Video-LLaVA
Video-LLaVA copied to clipboard
Error while loading finetuned model for inferencing.
I am able to pretrain and finetune (using lora) the videollava model using the scripts @ https://github.com/PKU-YuanGroup/Video-LLaVA/tree/main/scripts/v1_5 I used --model_name_or_path 'LanguageBind/Video-LLaVA-7B' for the both scripts- pretrain and finetune using lora.
When I try to run the finetuned model for inferencing; I am getting the following error:-
RuntimeError: Error(s) in loading state_dict for LlavaLlamaForCausalLM:
size mismatch for model.mm_projector.0.weight: copying a param with shape torch.Size([4096, 1024]) from checkpoint, the shape in current model is torch.Size([2097152, 1]).
size mismatch for model.mm_projector.2.weight: copying a param with shape torch.Size([4096, 4096]) from checkpoint, the shape in current model is torch.Size([8388608, 1]).

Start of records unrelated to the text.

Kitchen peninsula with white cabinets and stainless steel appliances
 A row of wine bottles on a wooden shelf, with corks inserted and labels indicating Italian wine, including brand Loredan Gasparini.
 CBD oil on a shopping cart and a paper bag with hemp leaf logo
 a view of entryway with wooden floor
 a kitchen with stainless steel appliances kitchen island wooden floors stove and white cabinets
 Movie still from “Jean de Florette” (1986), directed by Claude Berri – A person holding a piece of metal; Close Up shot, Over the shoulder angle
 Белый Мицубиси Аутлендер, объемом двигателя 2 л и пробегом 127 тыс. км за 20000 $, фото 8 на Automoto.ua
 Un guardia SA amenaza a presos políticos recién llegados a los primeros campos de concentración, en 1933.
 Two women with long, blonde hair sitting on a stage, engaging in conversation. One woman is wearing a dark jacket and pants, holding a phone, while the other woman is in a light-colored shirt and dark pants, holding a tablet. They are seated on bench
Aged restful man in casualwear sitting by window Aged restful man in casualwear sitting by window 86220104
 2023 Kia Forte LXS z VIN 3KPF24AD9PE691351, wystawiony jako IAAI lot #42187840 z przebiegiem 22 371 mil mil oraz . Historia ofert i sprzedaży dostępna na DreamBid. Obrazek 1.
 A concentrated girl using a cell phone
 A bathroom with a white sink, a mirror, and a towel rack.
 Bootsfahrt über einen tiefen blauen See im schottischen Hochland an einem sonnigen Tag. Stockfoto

我也遇到了同样的问题,请问有人有解决方法了吗?感激 @tarunmis
I think with the default finetune_lora.sh
script, bf16
field is set to True, meaning the training is done in 16 bits by default. When loading the models for inference, setting load_4bit, load_8bit = False, False
will load the model in full before applying LoRA part on top of the base model successfully (at least for my case).